◆ **About this task**:
Your answer should be the exact lines of the records, starting with the one containing "Photo - 10 Coldbrook" and running to the end.

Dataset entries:
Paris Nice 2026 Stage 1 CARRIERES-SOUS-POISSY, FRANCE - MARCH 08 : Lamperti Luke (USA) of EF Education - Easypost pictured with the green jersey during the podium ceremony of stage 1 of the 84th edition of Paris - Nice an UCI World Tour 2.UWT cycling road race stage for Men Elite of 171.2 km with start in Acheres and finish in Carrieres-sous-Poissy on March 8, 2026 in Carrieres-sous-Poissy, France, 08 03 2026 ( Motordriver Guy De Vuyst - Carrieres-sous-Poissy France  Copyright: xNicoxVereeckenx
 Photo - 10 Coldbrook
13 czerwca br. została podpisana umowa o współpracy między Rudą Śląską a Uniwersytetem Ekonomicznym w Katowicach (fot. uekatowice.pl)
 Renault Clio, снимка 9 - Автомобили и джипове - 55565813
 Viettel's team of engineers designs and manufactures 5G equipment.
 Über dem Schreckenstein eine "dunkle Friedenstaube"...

◆ **Expected answer**:
 Photo - 10 Coldbrook
13 czerwca br. została podpisana umowa o współpracy między Rudą Śląską a Uniwersytetem Ekonomicznym w Katowicach (fot. uekatowice.pl)
 Renault Clio, снимка 9 - Автомобили и джипове - 55565813
 Viettel's team of engineers designs and manufactures 5G equipment.
 Über dem Schreckenstein eine "dunkle Friedenstaube"...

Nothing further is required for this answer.